В научной фантастике у идеи загрузки сознания на цифровой носитель солидная традиция. В том или ином виде ее можно найти у таких научно-фантастических писателей, как Станислав Лем, братья Стругацкие, Уильям Гибсон, Пол Андерсон, Йэн Бэнкс, а в кинематографе — в лентах «Призрак в доспехах» (1995), «Обмен телами» (2000), «Аватар» (2009), «Вне/себя» (2015), «Репродукция» (2018) и др. Мы обратимся к детективному кибер-панк-сериалу «Видоизмененный углерод» (2018 — наст. вр.), основанному на одноименном романе Ричарда Моргана 2002 года, поскольку в сюжете сериала распространение и рутинизация технологии загрузки сознания вступает в конфликт с религиозной жизнью верующих.
К XXIV веку, когда происходят основные действия сериала, человечество колонизировало отдаленные планеты, а искусственный интеллект давно стал обыденностью (один из героев сериала, искусственный интеллект по имени Эдгар Аллан По, является зданием отеля). Хотя от нашего мир сериала отделяют триста лет, он поразительно на него похож. Ключевое отличие — новые возможности, открывшиеся благодаря заимствованию инопланетной технологии. На руинах инопланетной цивилизации на Марсе и других планетах были найдены артефакты, на основе которых удалось разработать технологию сохранения личности и воспоминаний («цифровой человеческий груз») на «диск» (или «кортикальный стэк») и его трансплантации в новое тело. Диск всегда находится при владельце, встроенный в основание его черепа. Его в обязательном порядке имплантируют всем гражданам межпланетного государства («Протектората») старше одного года. Оцифровка личности становится в этом мире рутиной и социальной конвенцией и благодаря этому во многом переопределяет общество, экономику и политику: диск здесь принудительно вживляется каждому гражданину старше одного года и задействован во многих социальных, экономических и политических практиках. Задействован, следует отметить, реалистично: новые тела стоят денег, поэтому выбор и смена тела доступны немногим привилегированным индивидам, управляющим миром из своих парящих в небесах резиденций. Только они могут реализовать технологическое бессмертие. В этом отношении сериал представляет собой критику трансгуманистической футурологии, которая игнорирует тот факт, что любые технологии — это не только воз-
можности, но и материальные условия их внедрения, распространения и применения. Общество, изображаемое в сериале, — это урбанизированное посткапиталистическое общество с сильным социальным расслоением. Государство переплетено с корпорациями, и есть большие серые зоны, в которых оно закрывает глаза на их дела или даже прямо санкционирует их.
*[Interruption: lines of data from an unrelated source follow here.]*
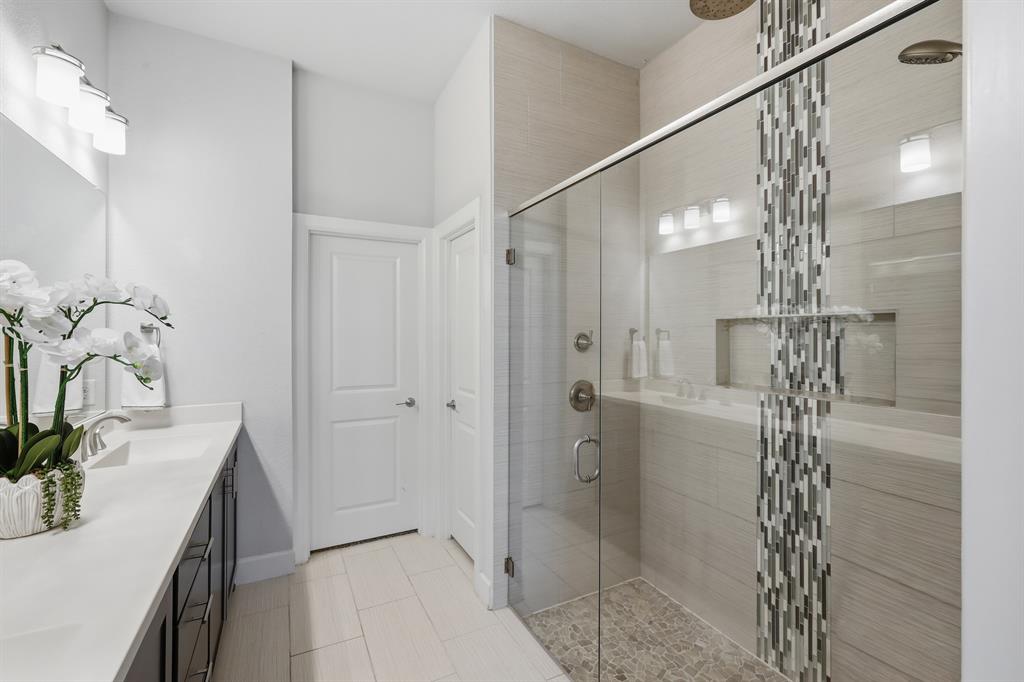 Stevens Village Add - Residential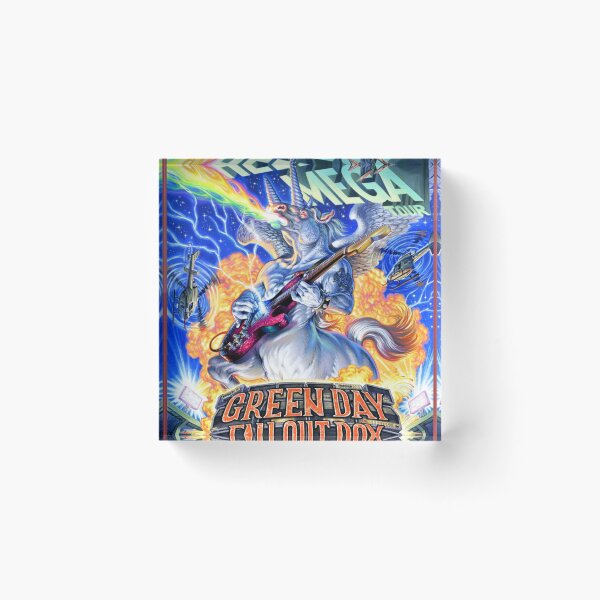 Item preview, the mega 2021 tour hella tokaug Essential Copy designed and sold by TobiasEberhard.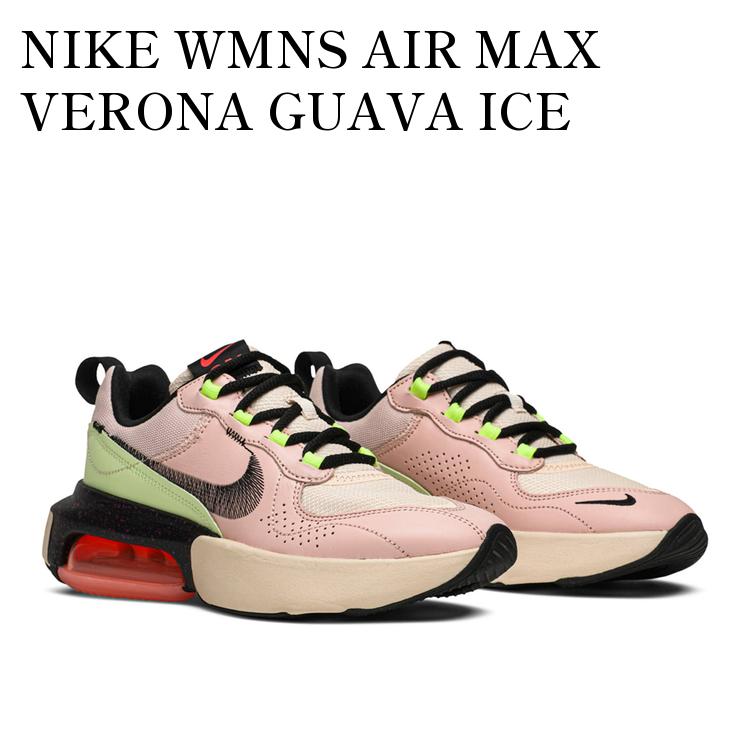 楽天市場】w nike air max veronaの通販 楽天市場】w nike air max veronaの通販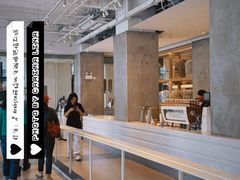 -% Arabica阿拉比卡咖啡烘焙工坊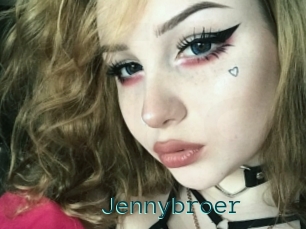 Jennybroer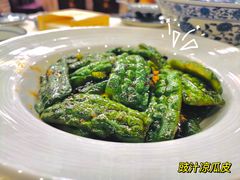 -纳福苑(亮庆餐饮分店)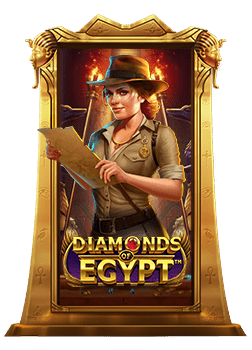 รีวิวยิ่ง ปลา 888ฝาก ถอน ออ โต้ joker: เกมที่ต้องลอง!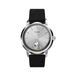 Timex Tw2w68800 - Photo n°1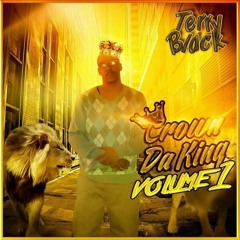IonGiveAFuck-Terry Black,S-Z Lundy,Klous Klanious, A.D. Omni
Срок хранения личности и воспоминаний на диске ограничен только его материальными характеристиками, а количество тел и прожитые годы — финансовыми ресурсами и психическими силами человека. После естественной или насильственной смерти человека его диск, если он не был поврежден, может быть имплантирован в другое тело — чужое, клонированное или синтетическое (в фильме их называют sleeves — «обложки» или «рукава», которые можно менять). При этом здесь под страхом уничтожения диска запрещено создавать копии личности на других дисках. Пока диск цел, есть шанс на возвращение к жизни, уничтожение диска — настоящая смерть, уже не связанная с разрушением органического тела. Более того, пребывание на диске без тела в некотором смысле можно назвать если не жизнью, то существованием: пенитенциарная система избавилась от тел, и тюремный срок индивиды отбывают, пребывая на дисках, но не в телах (главный герой к моменту начала действия отбыл 250-летний срок). Ждут на дисках и те, у кого после смерти тела нет денег на новое, пока их семья не накопит достаточно, чтобы купить им хоть какое-то тело.
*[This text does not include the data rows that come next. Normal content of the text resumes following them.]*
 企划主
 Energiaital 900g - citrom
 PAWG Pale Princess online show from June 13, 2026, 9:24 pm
Эта инопланетная технология открывает множество возможностей. Можно почти мгновенно путешествовать между планетами, воплощаясь на новой планете в новом теле. Жертвы преступлений могут «переоблачиться», то есть воскреснуть, на один день в другом теле, чтобы выдвинуть обвинения против убийцы, попрощаться или пообщаться с близкими. Есть государственный склад тел, освободившихся после заключения людей в тюрьму. Эти тела продаются или сдаются в аренду тем, кто не может купить тело своему близкому. Например, тела берутся в аренду по особым случаям: праздникам, семейным торжествам и т. д. Также к аренде прибегают, чтобы в рисковых ситуациях поберечь свою оболочку и использовать арендованную, или для командировок с других планет. Кроме того, в этом мире существует подобие социального обеспечения. Поскольку имплантация диска общеобязательна и этот статус поддерживается государством, оно обеспечивает бесплатную оболочку жертвам преступлений, ава-
рий, несчастных случаев, стихийных бедствий. При этом тело может не соответствовать личности: маленькую девочку могут «переоблачить» в тело пожилой женщины. Эти же тела выдаются заключенным, отбывшим срок.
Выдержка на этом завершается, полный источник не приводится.